RTP understands that the successful preparation of a RMP for a
facility requires close-working cooperation between on-site
staff and the consultant. On-site engineers typically know
the process much better than any consultant coming to the facility
for the first time. On-site personnel are also familiar with
the maintenance, training and the organization of on-site records.
RTP works with the on-site staff to take maximum advantage of the
experience and resources already available. RTP then works
with the facility management to assure the RMP is developed
quickly, in compliance with the regulations, and is cost effective
. RTP can also work with your in-house or consulting Public
Relations group to prepare community information materials and to
set up and participate in public meetings as part of the RMP
Risk management programs include plans to detect and prevent or
minimize the accidental release of regulated substances as
stipulated in Section 112(r) of the Clean Air Act. In terms
of applicability, all users of hazardous chemicals are required to
plan for accidents as required by the general duty clause.
The RMP for a specific site is a document which includes
three basic elements:
The Hazard Assessment
The final RMP regulations require a Hazard Assessment which
includes an evaluation of the potential range of releases for a
facility, including worst-case accidental releases, and the
analysis of potential off-site consequences. It also
requires documentation of an applicable facility’s
five-year Accident History.
The Prevention Program
The Prevention Program has a strong link to the Hazard Assessment,
as process and incident reviews often provide insight into
potential events that could have onsite or offsite consequences.
One element of the Prevention Program is a formal required
analysis known as the Process Hazard Analysis (PHA). The PHA
utilizes recognized methodologies such as Hazard and Operability
Studies (HAZOP) or What-If/Checklist Studies to review all
processes which contain more than a threshold quantity of
regulated substances at the facility (the list of substances and
quantities vary between RMP & PSM) and identify potential
means for catastrophic failure and release. Evaluation of
potential offsite impacts can often begin with release scenarios
identified in the PHA process.
During Prevention Program activities, the facility must determine
the applicable Program level (1, 2 or 3). Many facilities
are covered under OSHA’s Process Safety Management (PSM)

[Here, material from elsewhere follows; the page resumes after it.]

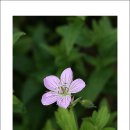 신구대학식물원 Daum카페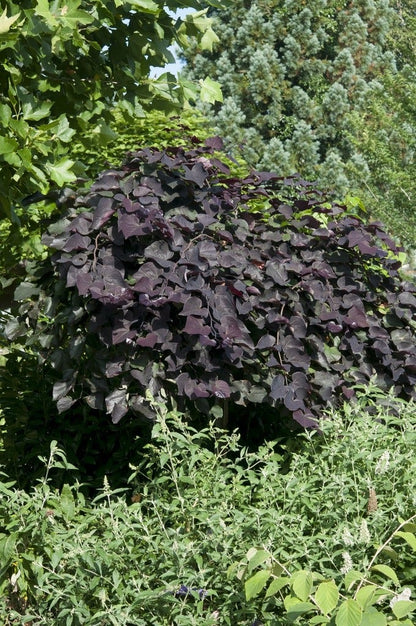  Treur Judasboom (Cercis Canadensis 'Ruby Falls')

Standard. Once a program is determined, the facility must
develop standard operating procedures and other requirements.
The Emergency Response
The Emergency Response Program will be based on computer modeling
of hypothetical releases to calculate threat zones within which
employees or offsite populations might need to evacuate or stay
sheltered in the event of an emergency release. The
hypothetical release scenarios are based on the Hazard Assessment.